PROBLEM TO WORK ON: What you return must match the data below exactly, minus any pictures.

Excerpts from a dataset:
Segment Open

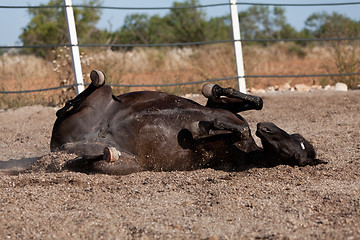 Image showing caballo de pura raza menorquina prm horse outdoor rolling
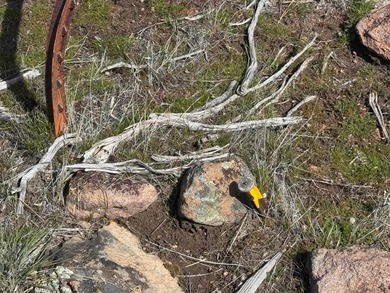 Can't beat the views from this lot!  The Golf Course AND on Lake Shastina Golf Course in California - for sale on GolfHomes.com, golf home, golf lot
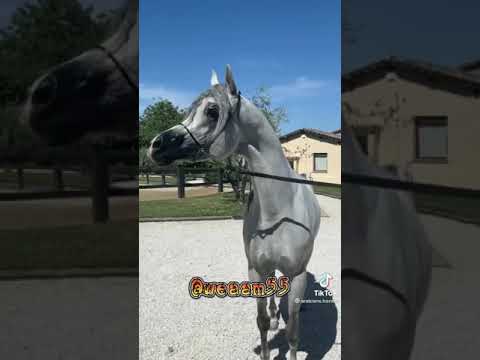 عرض مميز الفحل دي سراج ماشاء الله حصان مميز arabian satllion D SERAJ #horse #arabianhorse #arabian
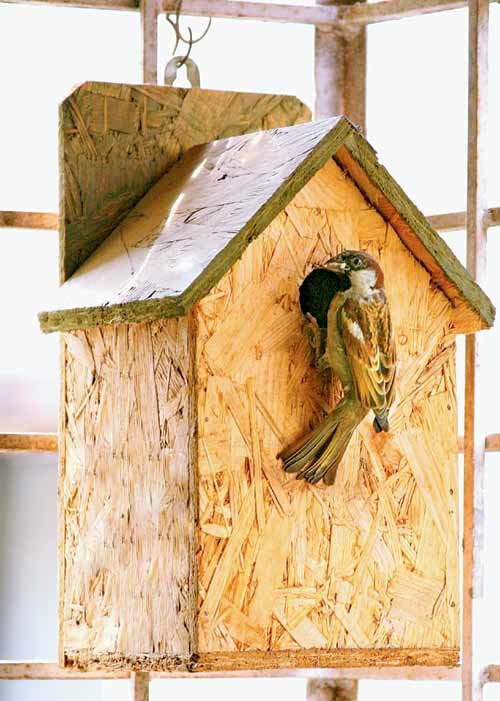 This Summer; Give A Eco-Friendly Nest for Sparrow
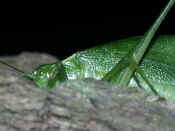 katydid hiding.jpg (132659 bytes)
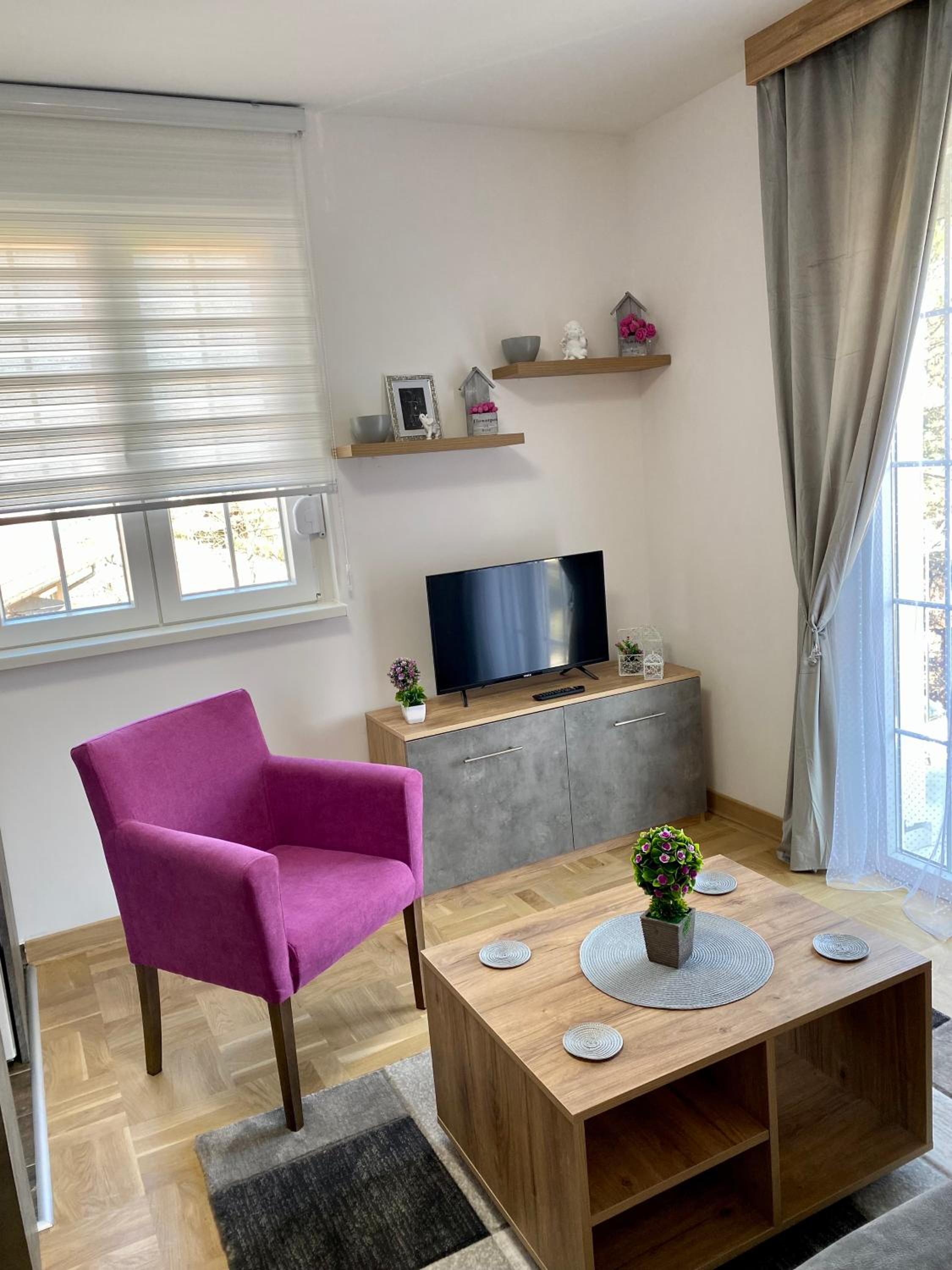 APARTMAN TAMARA LUX view 5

Segment Closed

EXERCISE OUTPUT:
 Image showing caballo de pura raza menorquina prm horse outdoor rolling
 Can't beat the views from this lot!  The Golf Course AND on Lake Shastina Golf Course in California - for sale on GolfHomes.com, golf home, golf lot
 عرض مميز الفحل دي سراج ماشاء الله حصان مميز arabian satllion D SERAJ #horse #arabianhorse #arabian
 This Summer; Give A Eco-Friendly Nest for Sparrow
 katydid hiding.jpg (132659 bytes)
 APARTMAN TAMARA LUX view 5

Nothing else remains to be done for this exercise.